Multi-level page tables—needed for efficient 4-GB address spaces. Otherwise, if PTE = 4 bytes, for 4KB, monolithic PT would be 4GB/1K= 4MB, expensive in memory.

The x86 32-bit paging system, a two-level paging system

 

A nice system, well adapted to use for any 32-bit OS you might wish to write, and in use by all the versions of UNIX on x86, plus Windows, to implement a “flat address space.”  The x86 also offers segmentation, but this is not in use by these OS’s, except in a very trivial way, so we will try to ignore it.

 

Note: good memory management for 64-bit OS’s is more challenging, and this system is not ready for that.  We’ll stick to 32-bit systems.

 

Uses 4K pages, and a group of 1024 (1K) pages uses one page table (or PT.)  1K*4K = 4M, so each page table specifies VA to PA mappings for 4M of VA space.  The SAPC has 4MB of usable memory because it has only one PT set up, plus a "page directory" to point to it. (In fact our SAPC systems have more than 4MB of memory, but it's not usable because of lack of PTs.)

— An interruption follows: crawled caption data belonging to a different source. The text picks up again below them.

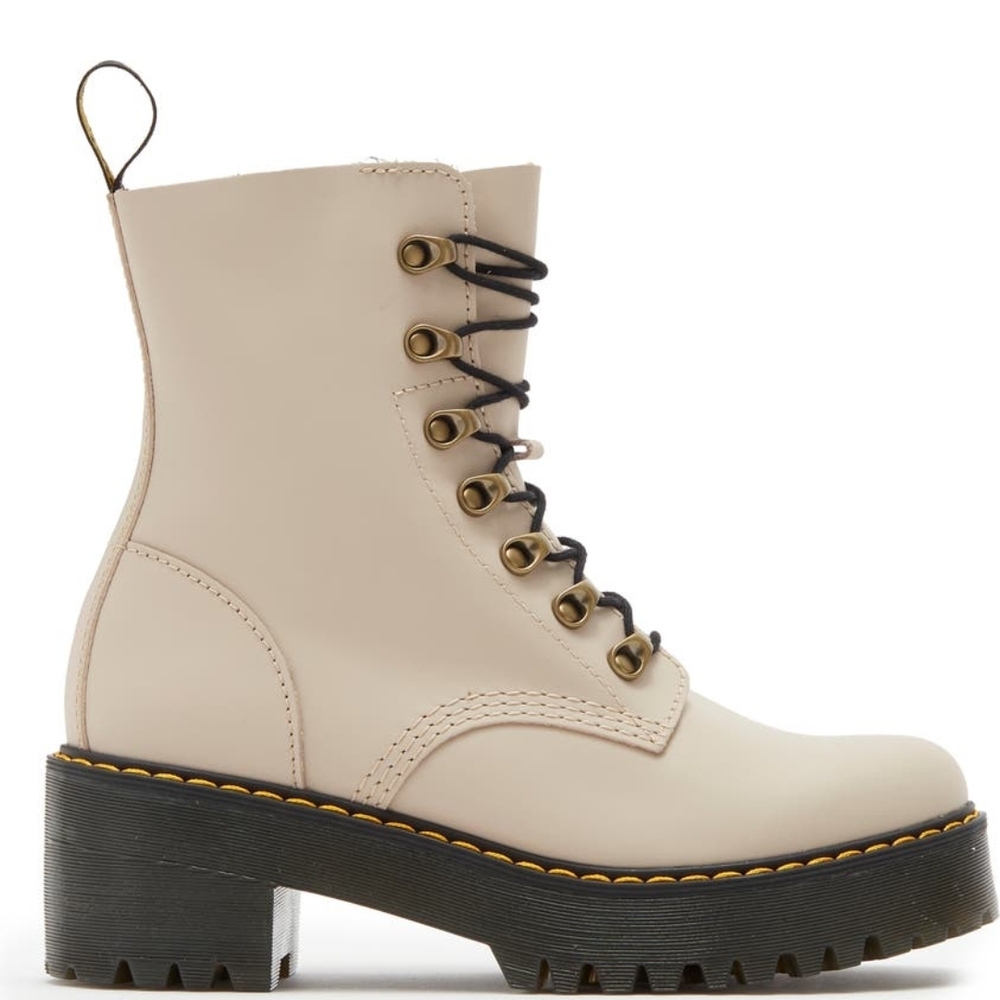 Dr. Martens Leona Combat Ankle Boots Sz Women's 8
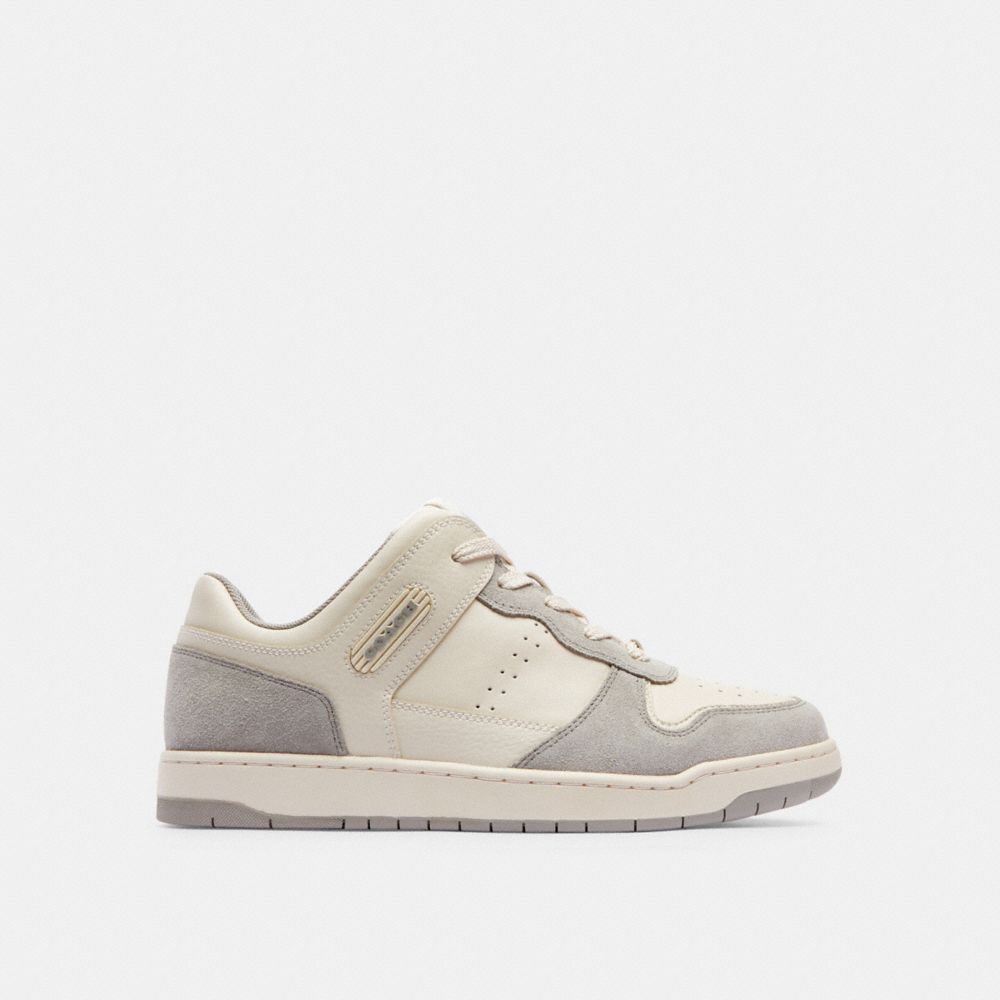 Coach C201 Low Top Sneaker Chalk/Dove Grey | 458-YTSWUL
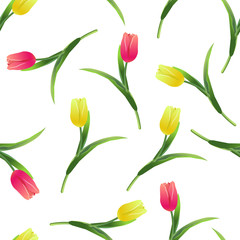 tulips simless pattern-01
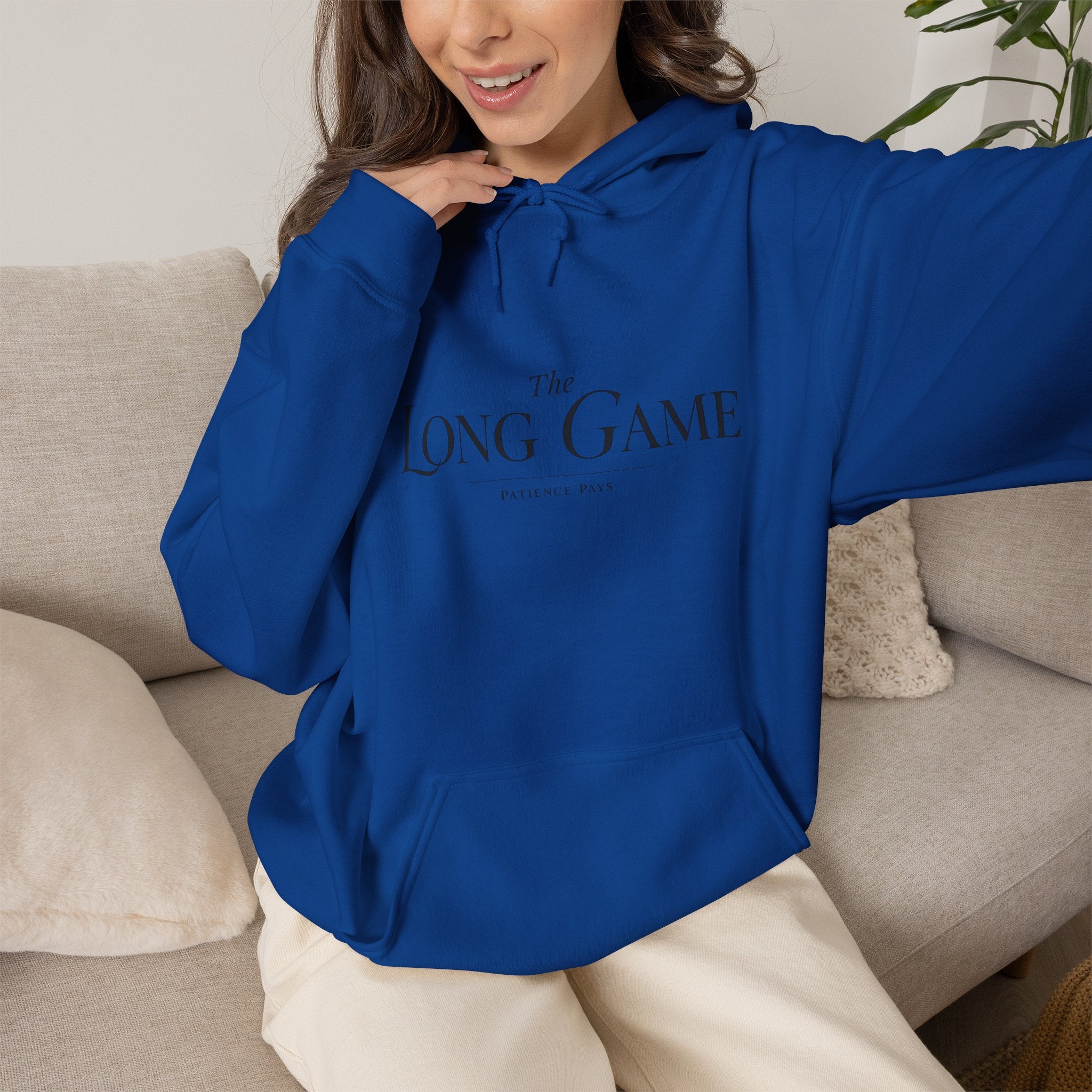 The Long Game Hoodie — Minimalist Motivational Pullover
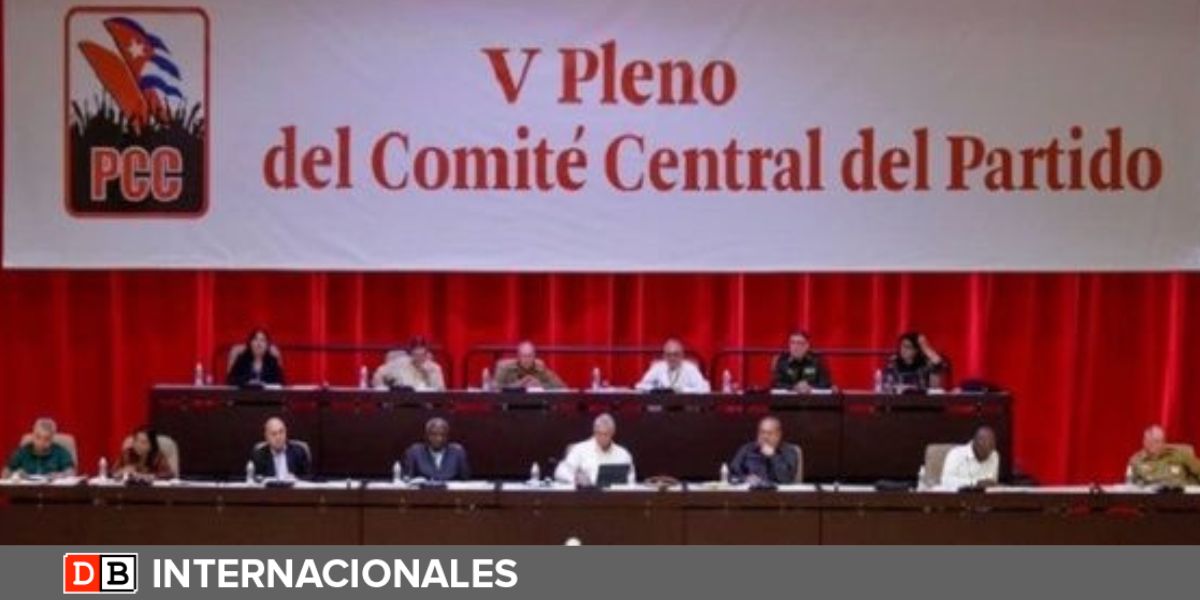 Sesiona en Cuba V Pleno del Partido Comunista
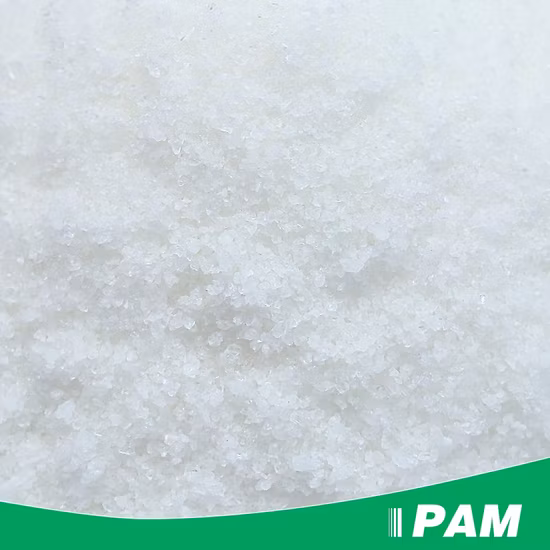 High Quality Factory Price Industrial Grade White Granular Powder Anion Cationic PAM Polyacrylamide Polymer Flocculant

Since it takes 1K blocks of 4M to make 4G, we see that there are (up to) 1K PTs for a full 32-bit address space.  Like pic on pg. 199.

 

Note: good memory management for 64-bit platforms is more challenging, and this system is not ready for that.  We’ll stick to 32-bit systems.

If there were only one PT, it would have to be huge, a waste of memory for tiny programs.  By using a two-level PT system, like Figure 4-12, pg. 208, the setup can be customized to the actual process configuration of memory.

 

x86 paging uses 4K pages, and a group of 1024 (1K) pages uses one page table (or PT.)  1K*4K = 4M, so each page table specifies VA to PA mappings for 4M of VA space.  Since it takes 1K blocks of 4M to make 4G, we see that there are (up to) 1K PTs for a full 32-bit address space.

The 1K PTs are located with the help of the page directory, the top-level page table.  Each lower-level PT has an entry in the page directory with the pfn of the PT to locate it.  These page directory entries are 4 bytes long, so the whole page directory fits in 4KB, or one page.

Similarly, each PT has one entry for each page, called a page table entry (PTE), also 4 bytes long.  The 1K entries of a PT also fit exactly in one 4KB page.

 

This system is much better than a monolithic single PT, because the page directory entries can be marked as "not present", meaning there is no PT needed for that area of virtual memory.